DATA PROVIDED:
# # # #

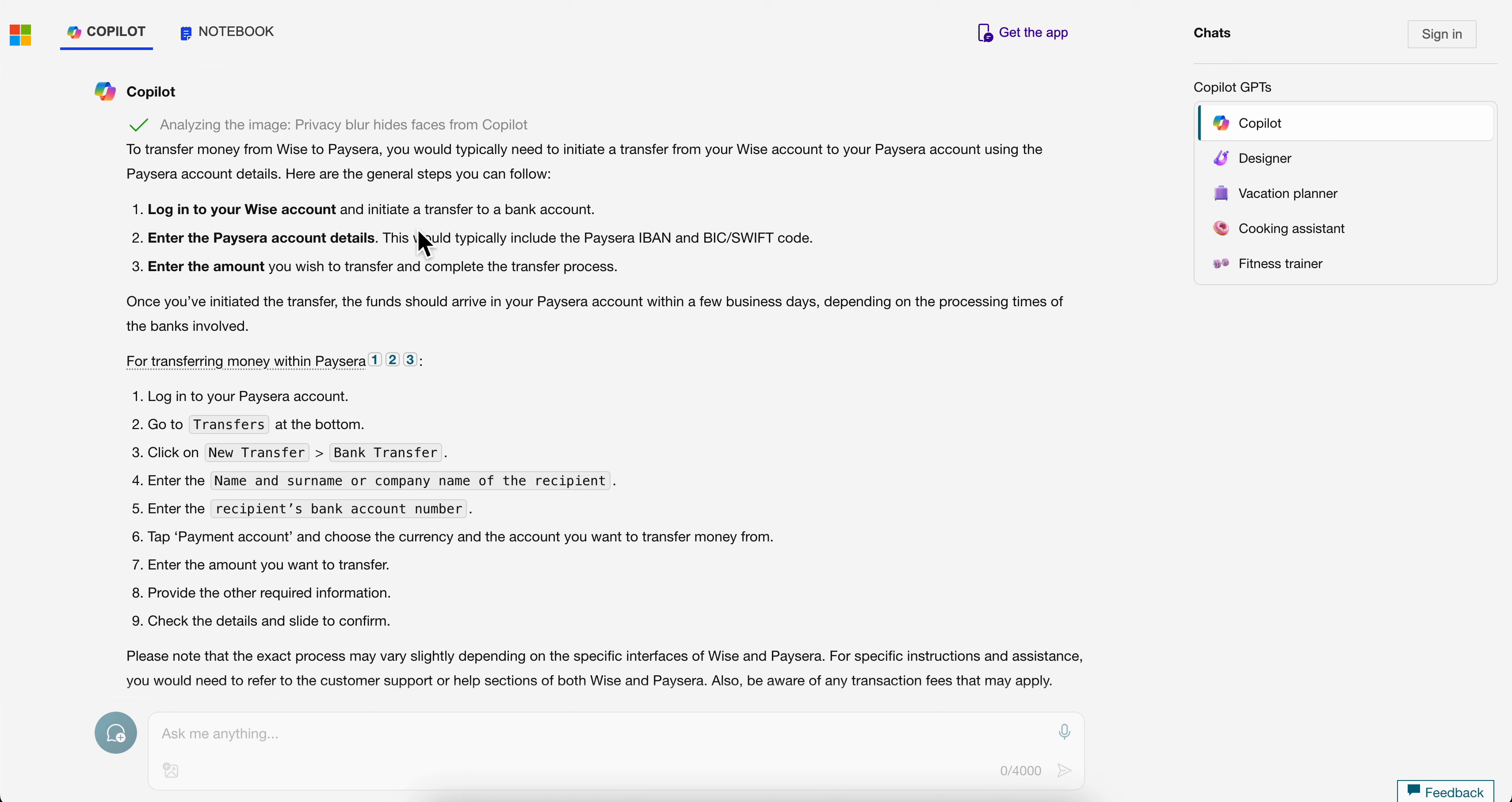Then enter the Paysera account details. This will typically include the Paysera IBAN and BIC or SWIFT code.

# # # #

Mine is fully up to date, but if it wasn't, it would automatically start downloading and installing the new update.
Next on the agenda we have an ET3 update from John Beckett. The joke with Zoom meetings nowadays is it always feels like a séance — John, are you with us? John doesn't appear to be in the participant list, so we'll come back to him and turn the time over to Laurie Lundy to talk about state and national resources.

# # # #

WHAT TO DO: Go through the records above and return every line that holds the string "update".

TASK SOLUTION:
Mine is fully up to date, but if it wasn't, it would automatically start downloading and installing the new update.
Next on the agenda we have an ET3 update from John Beckett. The joke with Zoom meetings nowadays is it always feels like a séance — John, are you with us? John doesn't appear to be in the participant list, so we'll come back to him and turn the time over to Laurie Lundy to talk about state and national resources.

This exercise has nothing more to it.